ハルカは視線を受け止めながらも俯いたりせずに話を続けた。
「こうなる前、あなた方は手を取り合い暮らしていたと聞きました。起こっているのが望まぬ戦いならば、望まぬ戦いにより命が失われるなら、それを止めるだけの力があるのなら、止めに来るのが道理だと、私は考えます」
「だから止めにきたのか」
「はい。差し出がましく思われるかもしれませんが、想定と違えば私が謝れば済む話です」
話すべきことは話した。
納得してもらえるだろうと思っていても、答えが出るまでの沈黙はひどく長く感じるものだ。
それでもハルカは、真面目な表情のままリアクションを待った。
「ニルよ、そちらの王は謙遜する割には、我らの抱える問題を解決できると確信していたようじゃな」
「うむ、そりゃあ儂らの王だからな」
「待ってください、違います。私だけでなく、仲間たちや、ニルさんやカナさんもいたからこそです。私が一人でなんでもできると思ってた、みたいに言わないでください」
「ま、なんにせよ、こうして戦は回避してもらったわけじゃ。甘いとはいえ、芯もあれば実力もある」
「……あまり高く評価しないでいただけますと」
年老いたリザードマンは、しゅろっと舌を出して口の端から空気を漏らした。
笑っているのだ。
「いーや、駄目じゃ。ハルカ殿よ。森の王よ。よくぞ我らの数百年の絆を守ってくれた。深く感謝をしよう」
曲がった背中をさらに折り曲げたナミブは、横目でニルを見ながら述べると。
すると続いてグラナドも、その立派な顎鬚が地面につくほどに深く深く頭を下げる。
「そうだ、森の王よ。

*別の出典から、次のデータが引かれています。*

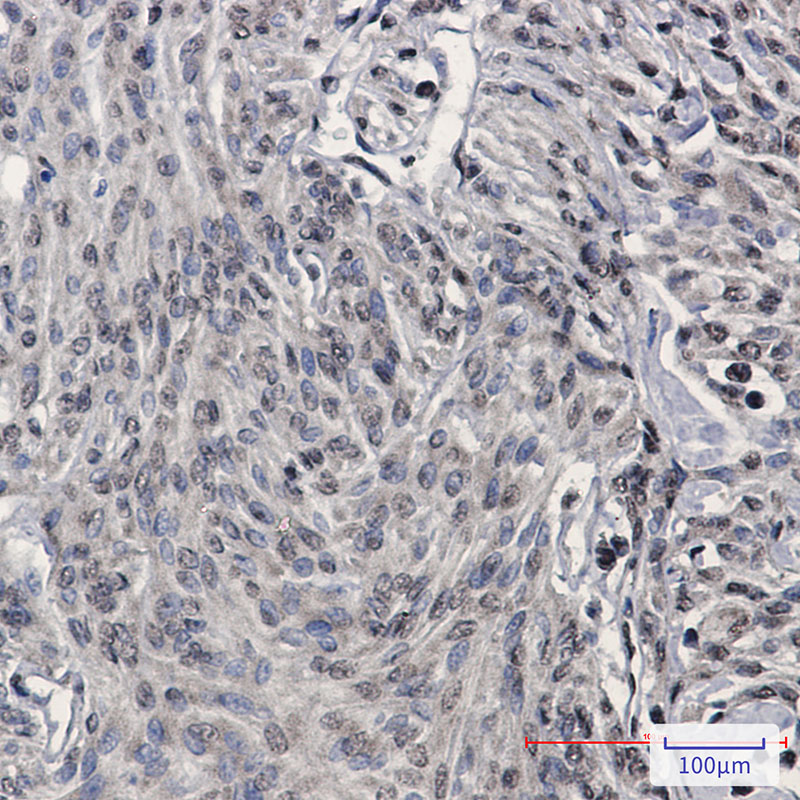 2 - TDP43 Rabbit mAb AP76162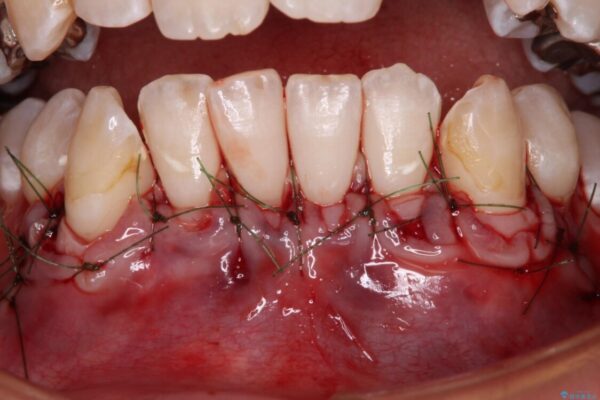 磨きすぎて傷が付くほどの歯根　歯肉移植術による根面被覆 治療途中画像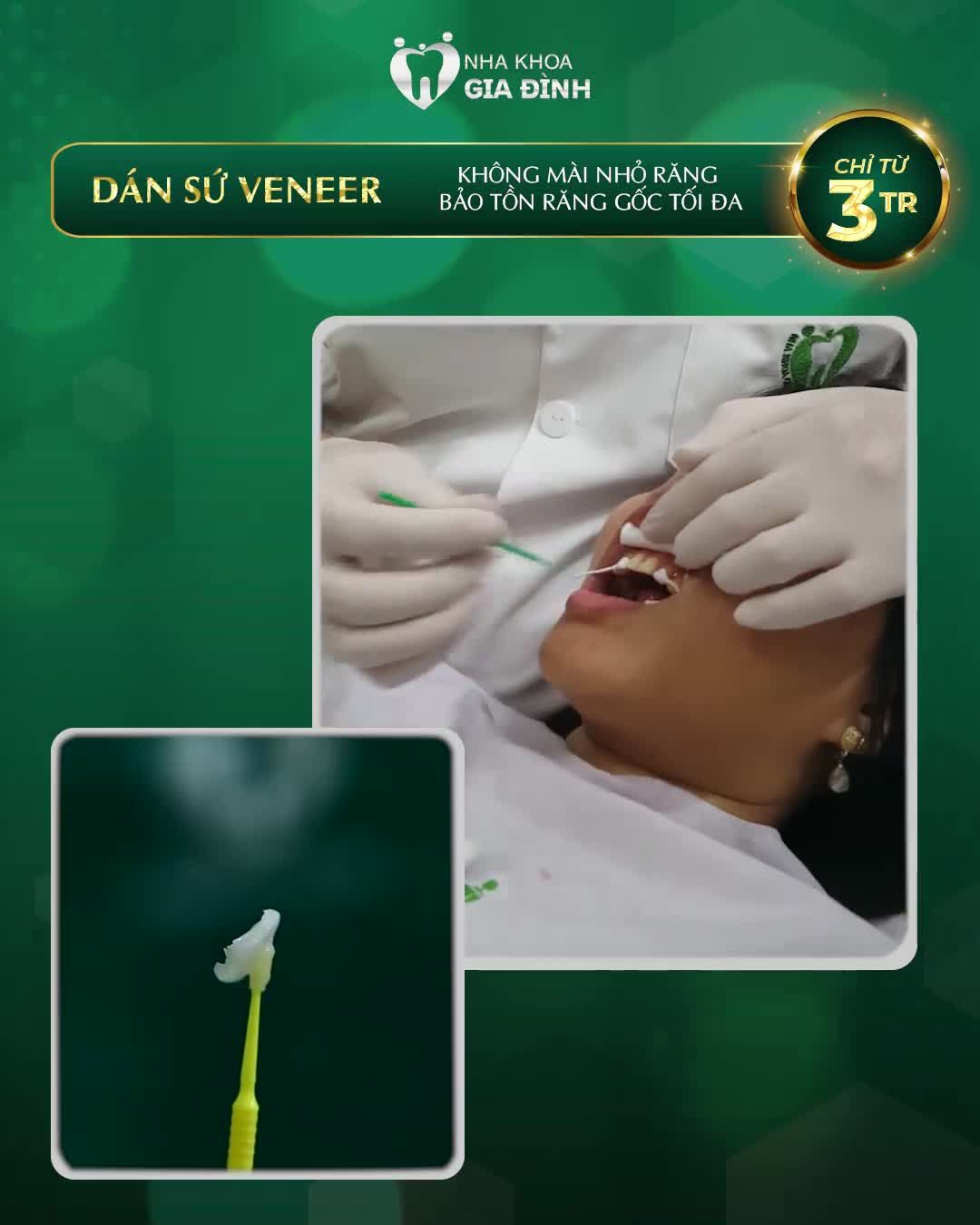 DÁN SỨ VENEER – NÂNG CẤP NỤ CƯỜI KHIẾM KHUYẾT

まだ危機は去っておらん。それでも、今一時、私たちはその慈悲深い心に救われた。吸血鬼を倒し捕らえてくれたことに、遅ればせながら、リザードマンの長よりも、さらに深い感謝を」
「わざわざ張り合うでない」
突っ込みを入れたナミブに、グラナドは答えることなく頭を下げ続けた。
一方で圧倒的に年上っぽく見える二人から畏まられてしまったハルカは、この事態をどう収拾したらいいのかわからない。
とはいえ、満足げに胸を反らすニルの手助けは期待できなさそうである。